Retype the listing that follows without a single change.
(Beginning of RECORDS TO PROCESS)
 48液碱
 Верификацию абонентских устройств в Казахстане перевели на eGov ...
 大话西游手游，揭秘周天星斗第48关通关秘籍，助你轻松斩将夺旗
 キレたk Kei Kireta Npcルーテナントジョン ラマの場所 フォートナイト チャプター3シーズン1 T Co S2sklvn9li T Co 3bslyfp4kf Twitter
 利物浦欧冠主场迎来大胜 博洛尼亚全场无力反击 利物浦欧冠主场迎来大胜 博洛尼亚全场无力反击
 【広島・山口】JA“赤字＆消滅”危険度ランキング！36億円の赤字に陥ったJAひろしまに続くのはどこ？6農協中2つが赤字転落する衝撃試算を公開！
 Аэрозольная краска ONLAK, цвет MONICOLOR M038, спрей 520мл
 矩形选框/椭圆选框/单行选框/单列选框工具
(End of RECORDS TO PROCESS)
TASK ANSWER:
 48液碱
 Верификацию абонентских устройств в Казахстане перевели на eGov ...
 大话西游手游，揭秘周天星斗第48关通关秘籍，助你轻松斩将夺旗
 キレたk Kei Kireta Npcルーテナントジョン ラマの場所 フォートナイト チャプター3シーズン1 T Co S2sklvn9li T Co 3bslyfp4kf Twitter
 利物浦欧冠主场迎来大胜 博洛尼亚全场无力反击 利物浦欧冠主场迎来大胜 博洛尼亚全场无力反击
 【広島・山口】JA“赤字＆消滅”危険度ランキング！36億円の赤字に陥ったJAひろしまに続くのはどこ？6農協中2つが赤字転落する衝撃試算を公開！
 Аэрозольная краска ONLAK, цвет MONICOLOR M038, спрей 520мл
 矩形选框/椭圆选框/单行选框/单列选框工具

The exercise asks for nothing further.